## Exercise brief
Print out each record below, unaltered and complete, without its images.

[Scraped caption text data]

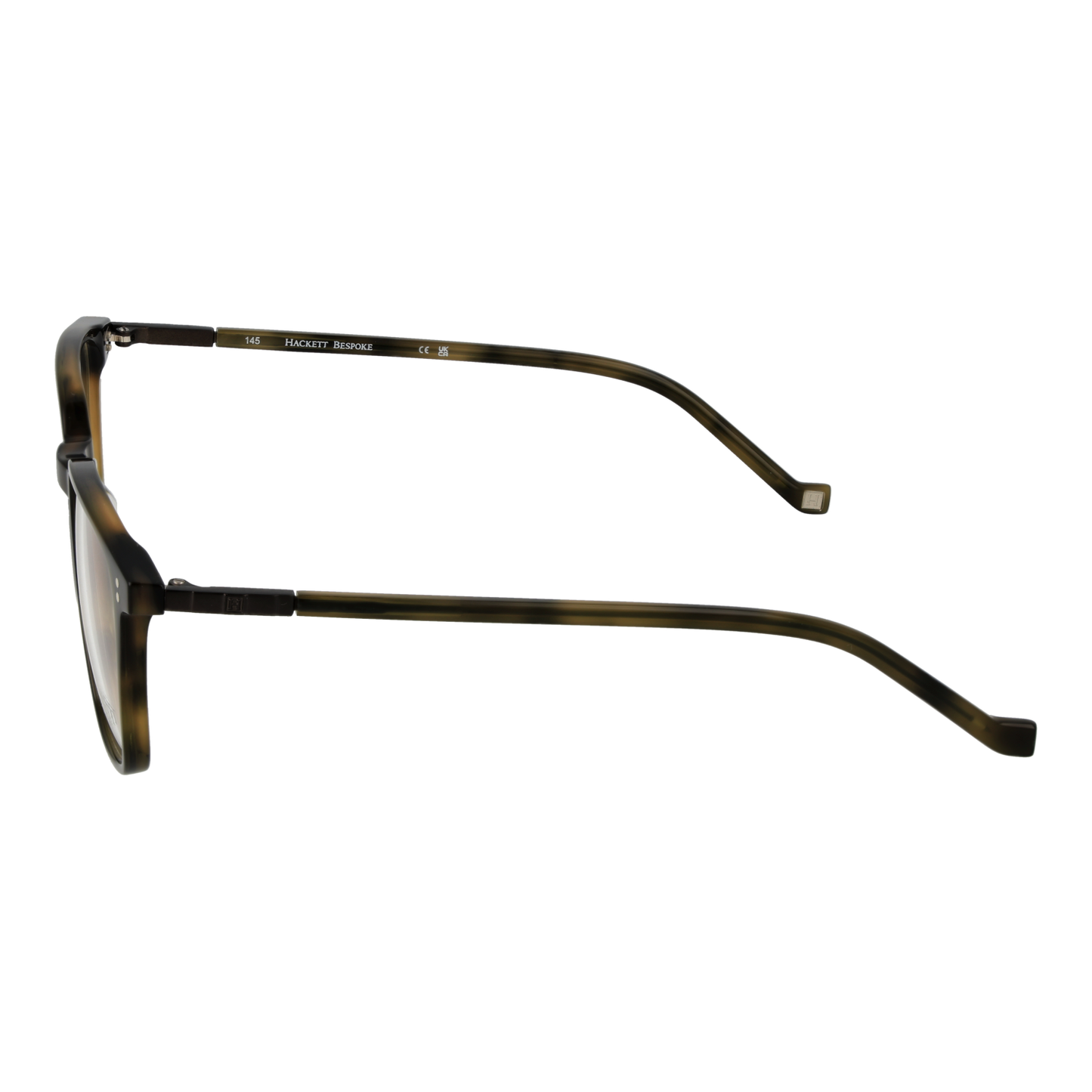 HACKETT EYEWEAR HEB267 51529 Sonnenbrille ansicht-3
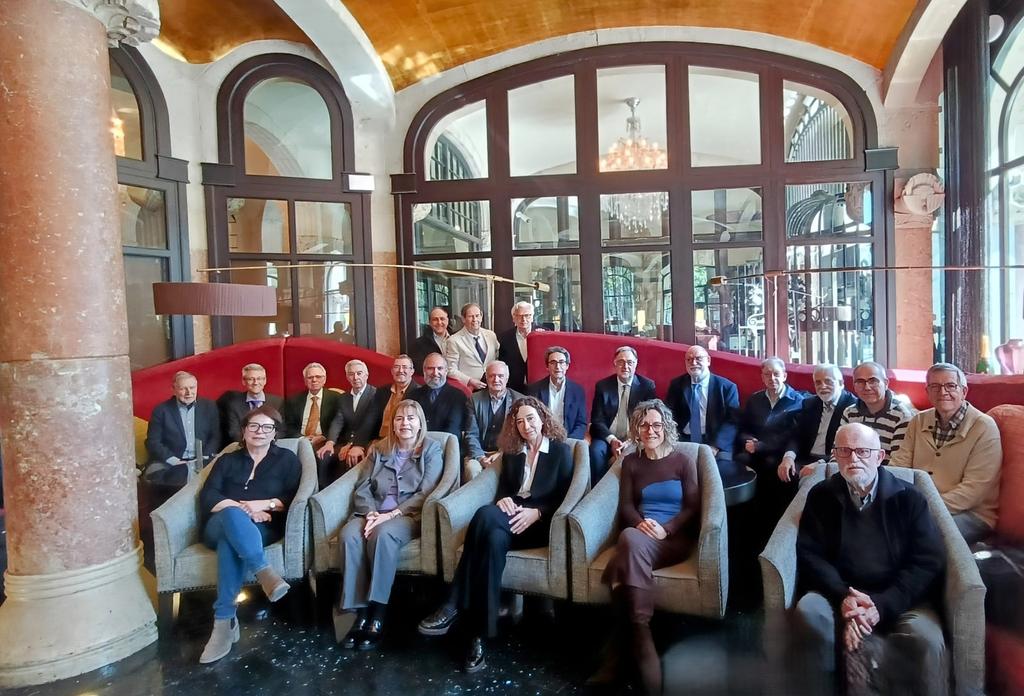 Jesús Conte tweet media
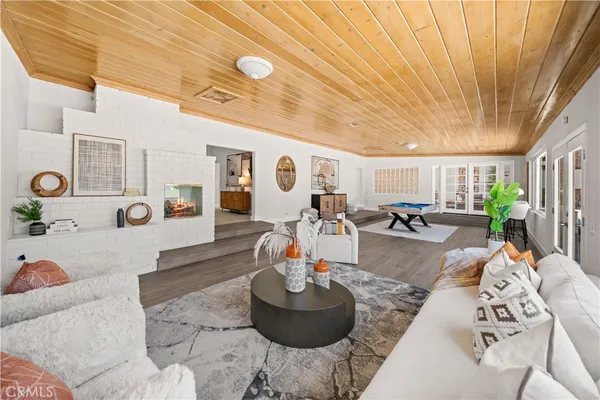 $1,799,999 | 2521 Doubletree Lane, Rowland Heights, CA 91748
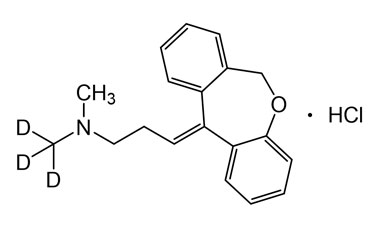 PA STI 088966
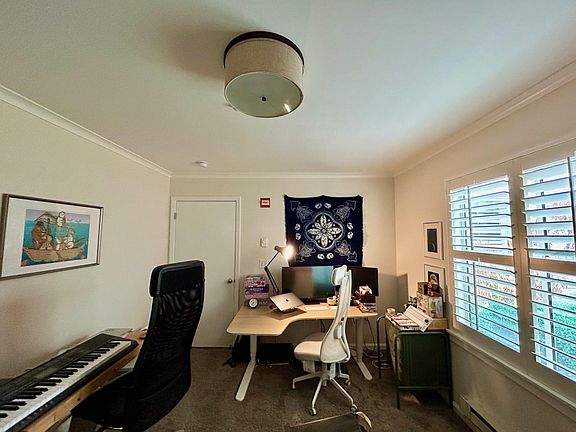 5th image of 600 Chestnut St APT 102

## Reply
 HACKETT EYEWEAR HEB267 51529 Sonnenbrille ansicht-3
 Jesús Conte tweet media
 $1,799,999 | 2521 Doubletree Lane, Rowland Heights, CA 91748
 PA STI 088966
 5th image of 600 Chestnut St APT 102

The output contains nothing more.